P.S. Has any anyone any info on the ceiling mounted air conditioner for the Hymer.

Thank you 
Love, Lovejoy


----------



## gm6vxb (Nov 3, 2007)

Three ways of working out gear ratios.
One is to have a GPS with speed display, then run at known revs for a mile or so in each gear (quiet roads obviously). Not easy but it can be done and you can get fairly accurate figures after a few tries.
Second is to try at your local Merc dealership. If they are friendly it may be possible to either get brochures or (computer) other information on ratios.
Last way is not easy with a diesel. Put the vehicle in each gear in turn, then rotating the engine look for one complete revolution or the wheel. Number of revolutions or the engine for one revolution of the wheel will give you ratios in each gear.

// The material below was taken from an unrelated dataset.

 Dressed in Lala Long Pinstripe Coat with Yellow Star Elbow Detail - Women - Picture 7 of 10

Alternatively I am sure there is someone on here who has the original handbook which may have gear ratios. 
Martin


----------



## Proff (Jul 22, 2005)

Our 660 had the same feel about it, Rev the nuts in 3rd, and it would almost stall in 4th, 5th was a flat road gear only...
So last Aug I spent £2300 and had it Turboed, now it pulls from 35 in 5th and I no longer dread hills  plus get around 1.5 mpg more 

I just need a higher ratio diff now as it still sounds like your killing it at anything above 58 mph...

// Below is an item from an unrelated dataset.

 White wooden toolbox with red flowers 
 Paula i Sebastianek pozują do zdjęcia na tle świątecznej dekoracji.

BUT 55/57 mph is a nice cruising speed, you keep the lorries company, and they seem to get where they are going


----------



## funkyronster (May 1, 2005)

Aug I spent £2300 and had it Turboed,

By who? Interested

Ron


----------



## Proff (Jul 22, 2005)

I was one of the last to be Turbo intercooled by TB Turbos of Lancaster.
The mechanic/ workshop foreman who did mine now does them at his own place
cmautoservices
he's on this site and will be glad to quote you....
I'm still over the moon with the way ours just pulls like a freight train, even with 1.5 tonne trailer behind


----------